Inline Skating for Kids: A Parent's Guide

Hello Hello. Stephen @Whataspoon here. In this guide we will dive deep into kids skates and hopefully answer a few questions you may have about skates for children. We have a large range of kids skates in our store and on our website. Let me take you through the selection to give you a better idea, talk about the size ranges and we can also tell you ways of how to start your kids skating journey safely. A big thanks to our Slicks Skate Crew riders, Ilaria and Noah, for the photos.
@ilariadimaio_99 and @skater_noah.

Choosing the Right Inline Skates for Your Child

First of all we need to look at sizing. Luckily, for most cases, it is relatively easy to choose the correct size of skates for your child as most of the kids skates we offer come with adjustable sizing. This can come in two main forms with some having moving parts that allow the skate to get bigger, usually with the click of a button, and with others having removable insoles inside therefore leaving more room inside once removed. These particular skates will come with a size range on the box so you can safely choose the skate that has your child's shoe size on there. If your child is the last size on the range then it may be advised to go up to the next size range or to look at a different brand to see which one suits your kids foot size better. Of course you will want your child to be as close to the smallest size as possible so you can get good use out of the skate.

For example the one of the Rollerblade skates that we have for kids comes with the size range 1-4UK then 4-7UK but the K2 option goes from a 13-4UK then 3-7UK. If your child is a size 3UK then it would be advised to go for the K2 3-7UK option instead of the Rollerblade 1-4UK option.

Next we need to look at the materials used. Now this really depends on what type of skating your child will do. If they are small and delicate and want to just simply roll around in the park then a soft comfortable option would be advised. If they are more likely to smack their skates off of walls and jump on top of obstacles then a plastic boot would be a much more durable option.

Another thing to consider would be the level of your child's skating. If they have never skated before then a standard soft skate would be great for them to learn the basics but if they have skated before and already know what they are doing then you may need to consider whether you should choose an adjustable skate or not. If your kid is looking to get into a certain discipline of skating like skatepark or slalom then you might need to purchase some skates that can handle those types of activities. Slalom skates tend to have a rockering in the wheel where the front and back wheels are slightly raised making it easier to perform the types of tricks done in slalom. If your child is looking to get into aggressive skating then you may need to consider an aggressive skate with grind plates on the side so they can perform grind tricks in the skatepark.

Teaching Your Child to Inline Skate

When it comes to teaching kids how to skate, the main objective is to keep them enjoying themselves. As an instructor, whenever I teach kids, I try to motivate them with little objectives instead of simply getting them to skate.
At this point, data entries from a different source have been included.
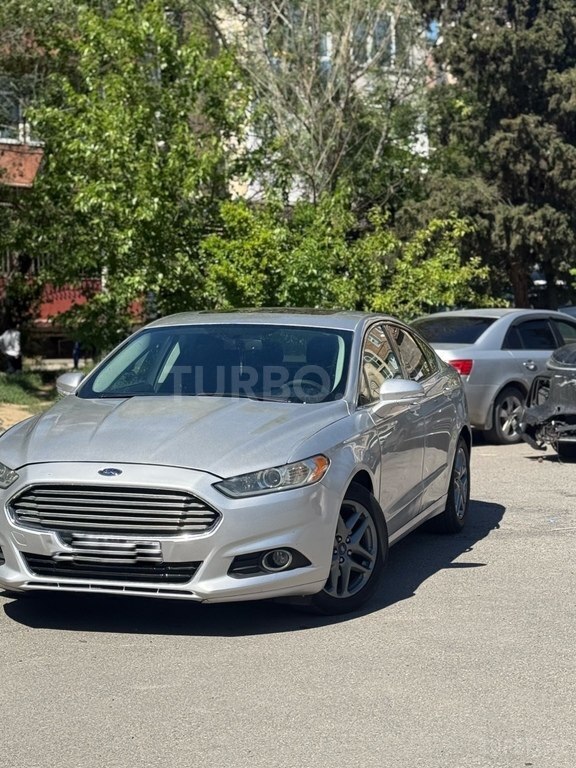 Ford Fusion (North America)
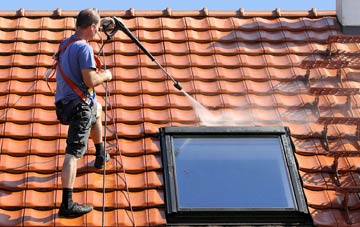 roof cleaning Anwick, Lincolnshire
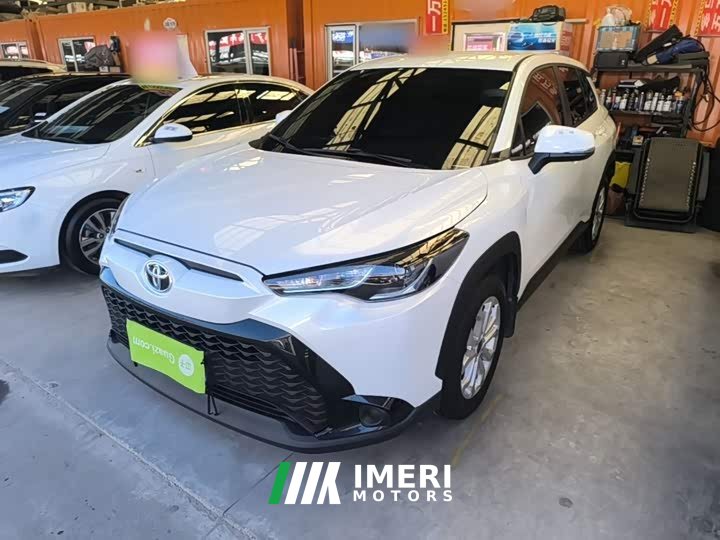 Toyota Frontlander 2.0L CVT Elite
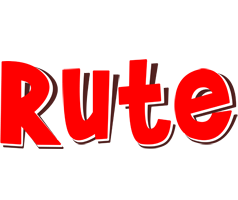 Rute basket logo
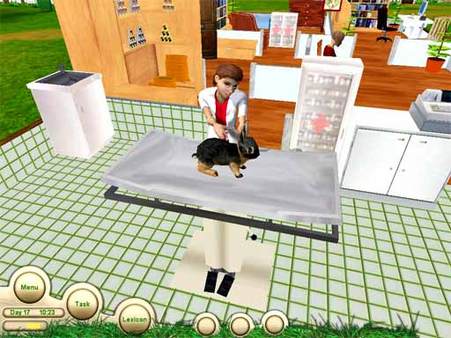 Paws and Claws: Pet Vet screenshot 1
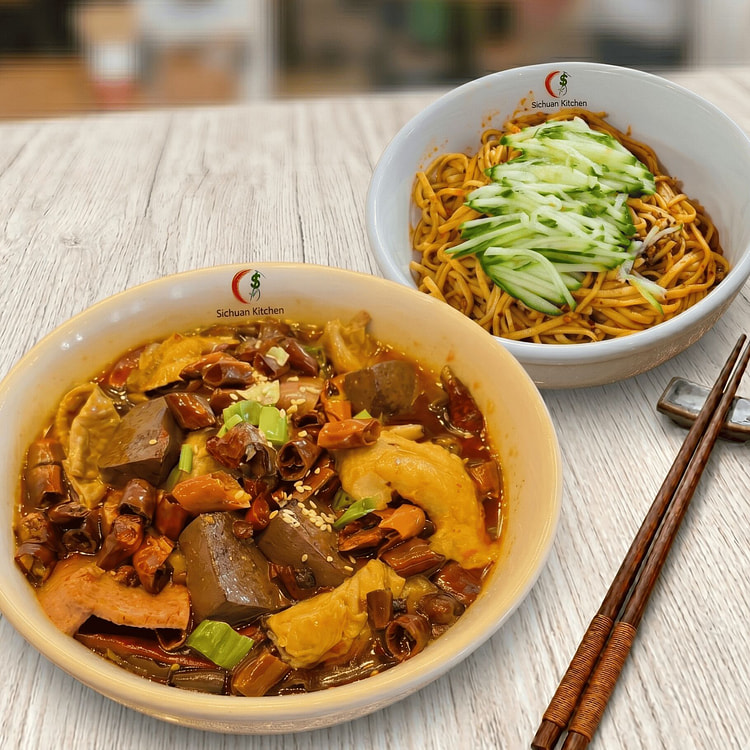 Solo Meal Combo 1 each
Send them to retrieve something or to go to someone instead of just simply telling them to skate. It would also help if they do not need to skate alone. If you can find them a friend, brother/sister or even yourself as a parent to learn alongside them that will certainly keep them motivated.

I would also definitely recommend lessons as instructors can kill bad habits straight away before they even start to avoid a long process. At Slick's we recommend using but there are many great instructors out there who you can use to help kick start your kids skating journey. You may even find clubs that do school holiday camps which can be a great place to take your kids to keep them active outside of school terms.

Safety Tips for Kids' Inline Skating

Get them to wear pads and a helmet. When I was learning to skate I was forced to wear protective gear or else I would not be allowed to use my skates. The pads had to be on first before the skates. This had many benefits like keeping me from hurting myself but also kept me smiling even whilst falling over. Kids are clumsy and will 100% fall over whilst learning so it would be much better for them to land on the pads, laugh, then continue rather than falling, scraping their knees, then coming to you crying. Another thing to keep in mind is the location you are skating. Avoid areas with broken glass or uneven surfaces and stick to smooth flat ground or a roller disco to start. You can even start in a skatepark assuming it's not full of huge ramps or extremely busy with older users. I recommend going at quieter times, learning skatepark etiquette or joining a club who does skatepark classes.

Now it is time for your child to enjoy the magical world of inline skating. I started as a child at the age of 8 in a skatepark with a club. I firmly believe that learning how to fall over and try again on skates worked its way into my brain allowing me to fail and try again in other aspects of life.